Clinical factors associated with intradialytic hypotension.
A single-center study.
DOI:
https://doi.org/10.56867/10Keywords:
Hypotension, Renal Dialysis, Ultrafiltration, Declining Rate Filtration, Kidney Failure, Chronic, Renal Insufficiency, ChronicAbstract
Introduction: Intradialytic hypotension (IDH) is a frequent complication during hemodialysis sessions and increases the risk of thrombosis of arteriovenous fistulas, myocardial stunning, and death, among others. The objective of the present study was to identify the risk factors associated with IDH in an observational study of a cohort of Mexican subjects on hemodialysis.

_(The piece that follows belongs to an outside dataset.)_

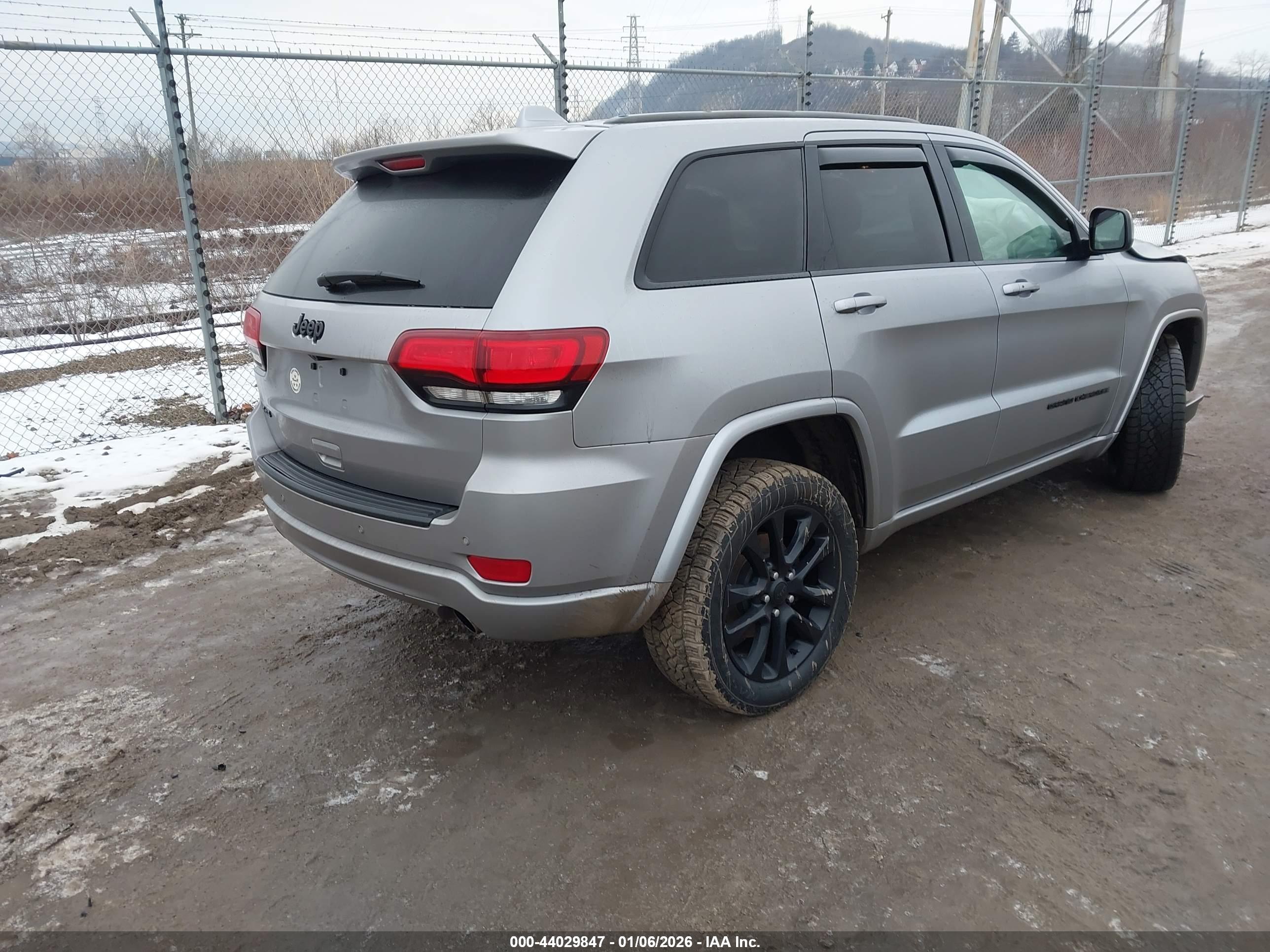 JEEP GRAND image 4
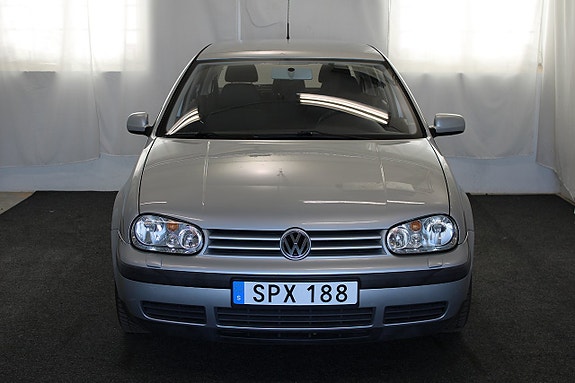 Volkswagen Golf IV 2 of 11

Methods: From September to November 2013, 1344 intermittent hemodialysis sessions were evaluated and attended in a single center. IDH was defined as a decrease in systolic blood pressure ≥20 mmHg or a decrease in mean arterial pressure ≥10 mmHg accompanied by clinical symptoms or the need to reduce or suspend the ultra-filtrate (UF) during the session. Among other clinical variables, exposure to the hourly UF rate and the appearance or absence of IDH were recorded.
Results: 112 patients were included, with a median age of 57 years (interquartile range [IQR] 42-67); 66 cases (59%) were women. The frequency of IDH events was 5.4% (73 events); 76 subjects (68%) did not have any hypotensive events, and nine subjects (8%) had more than 2 IDH events. In the group with IDH, the pulse pressure was 77 versus 65 mmHg. In the group without IDH, the UF/hour/weight rate was 13.3 versus 10.9 ml/kg/hr, respectively (P<0.001). In the multivariate analysis, age (Odds Ratio [OR]=1.029), ultrafiltrate volume (OR=1.005), and pre-hemodialysis pulse pressure (OR=1.029) were independently associated with IDH (P<0.001).
Conclusions: The factors associated with IDH were older age, higher ultrafiltration rates, and higher pre-hemodialysis pulse pressure.